Расстрелянных с тем же сопровождением отвезли на Ходынское поле, ставшее позже территорией Московского центрального аэродрома им. М. Фрунзе (!), сняли здесь с машины, опустили в заранее вырытую яму, засыпали негашеной известью, закопали, а землю плотно утрамбовали.
После этого высокое начальство в полном молчании вновь вернулось к своим машинам и разъехалось по домам. У всех были угрюмые лица, и все, за исключением Ульриха, которому предстояло делать доклад Сталину о минувших событиях, в тот день зверски напились. Только по разным побуждениям: Ежов и его сотрудники — от радости (они успешно завершили труднейший процесс, истребили презренную и крайне опасную шайку!), члены суда— от стыда (они отправили на «тот свет» бывших боевых товарищей, многократно награжденных Советской властью, которых столько лет советская же печать превозносила до небес, как «самых выдающихся советских полководцев»). Но что было делать?! В открытую перечить Сталину? Пытаться поднять на него народ и войска? А если не поднимутся?! Значит, остается покориться? Но тогда не прав ли был поэт, говоривший: «Сегодня — ты, а завтра — я»?!

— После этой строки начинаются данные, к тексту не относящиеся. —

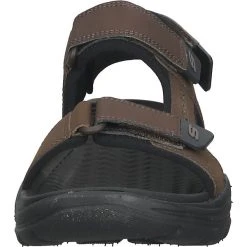 Skechers Arch Fit Motley Sd Kontra Outdoorsandalen 11 Skechers Arch Fit Motley Sd Kontra Outdoorsandalen -Skechers shop 25640460 03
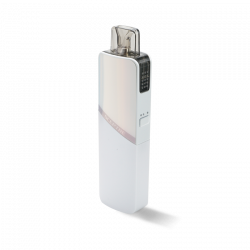 Kit Pod Sceptre Innokin | Cigusto | Cigarette electronique, Eliquide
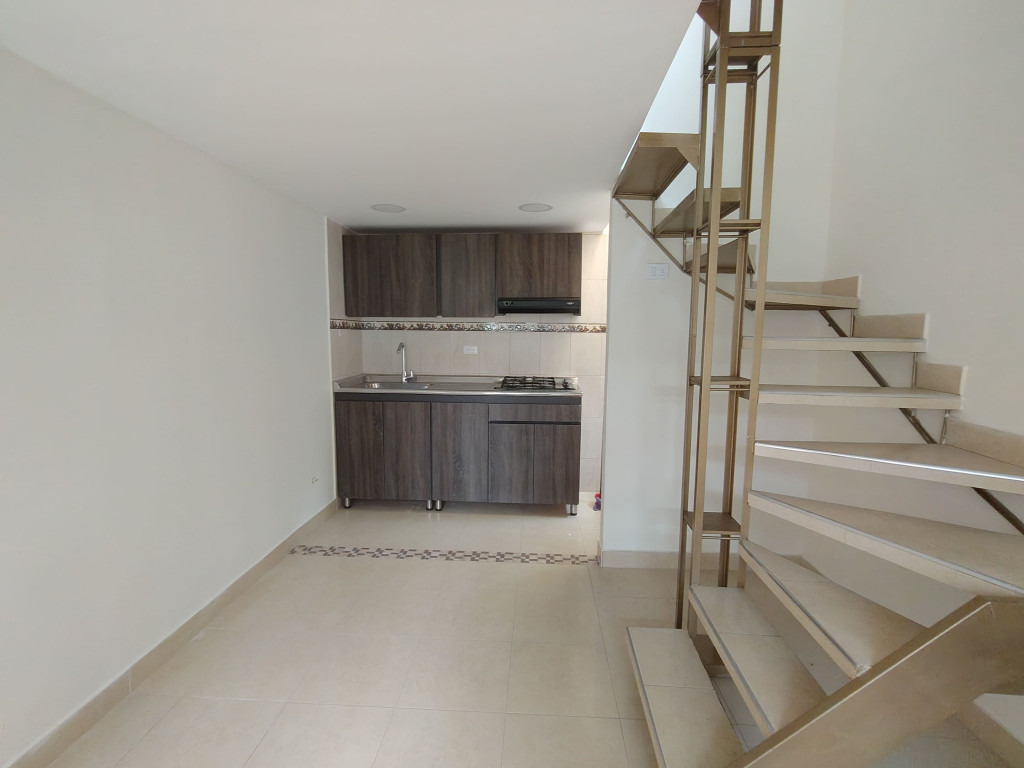 Casa en venta en Villas De Alcala, Bogotá · foto 2 de 21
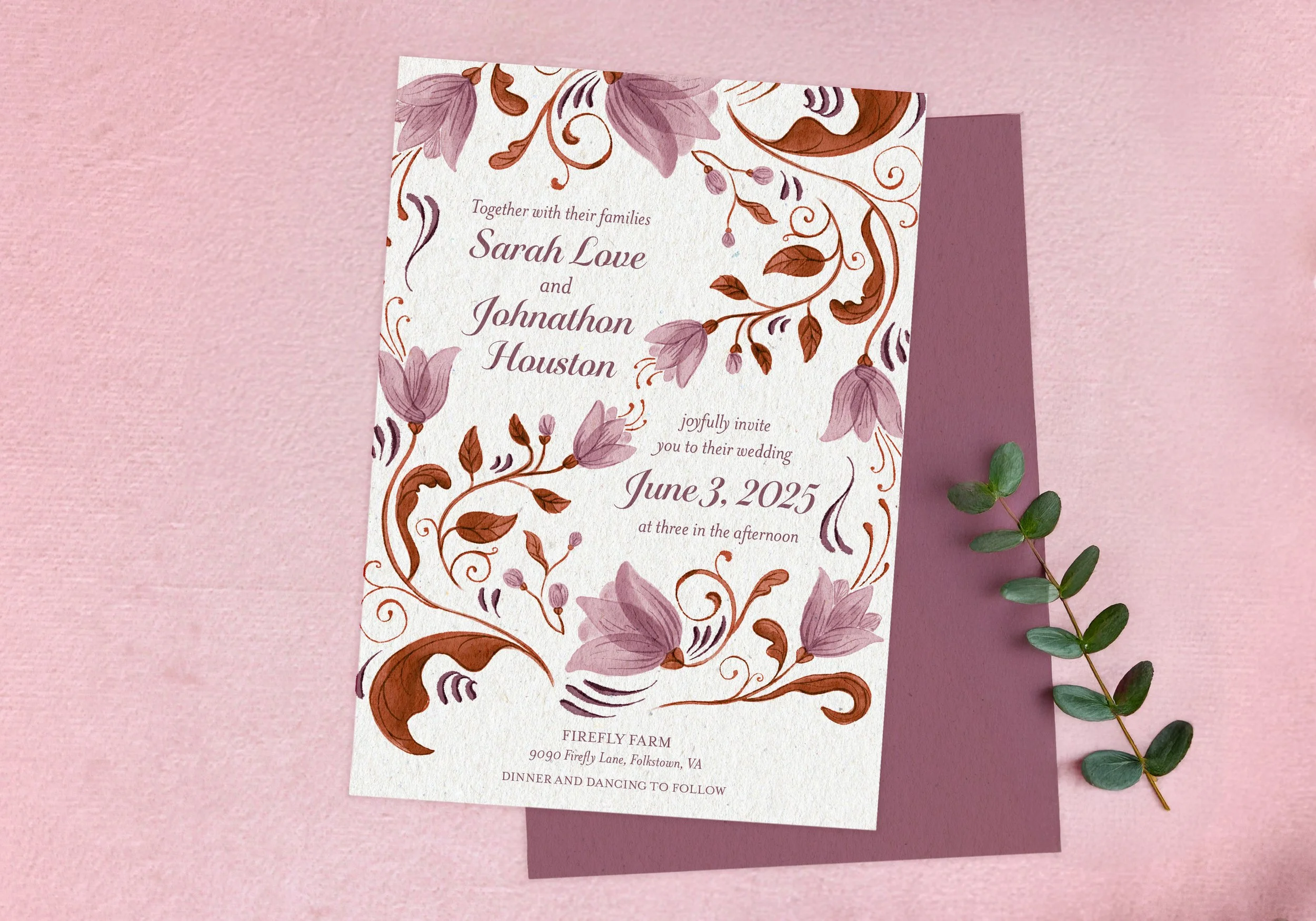 Speckled_InvitationSuite_FantasyFloral_Mockup.jpg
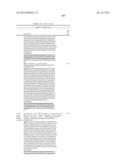 SIGNAL-SENSOR POLYNUCLEOTIDES diagram and image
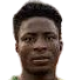 https://img.caf2.com.cn/img/football/player/6b04e1d9f1a54b7147ff1a410314d7d5.png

А Ульрих, вернувшись в гостиницу, в которой он жил, в который раз уже рассматривал свою коллекцию бабочек, насаженных на острия, и, прихлебывая душистый чай из стакана в красивом подстаканнике, думал, что человек ничуть не лучше такой бабочки, как бы он высоко ни заносился в своих мыслях, и что очень мало нужно, чтобы он при всех своих званиях и орденах, при самой великой славе пришел к великому бесславию и даже вообще перестал существовать!
Он имел полное основание так думать. По страницам газет катился вал неистовой ненависти и гнева. Главная газета страны «Правда» в своей передовой уже в день процесса, 12 июня 1937 г., сообщала своим читателям: «Острый меч социалистического правосудия обрушился на го— ловы подлой военно-шпионской банды. Вместе с гнуснейшей гадиной Гамарником, покончившим жизнь самоубийством, чтобы уйти от разоблачения и суда, — эти восемь шпионов совершили самые тяжелые злодеяния, какие только мыслимо представить. Они, как Иуды, за фашистские сребреники продались врагу. Эта банда, как установлено, совершила весь круг преступлений, который 133-я статья Сталинской конституции требует карать, как самые тяжкие злодеяния».
Эта стилистика была установкой для печати всей страны. И другие газеты и журналы в течение ближайших месяцев писали в том же духе.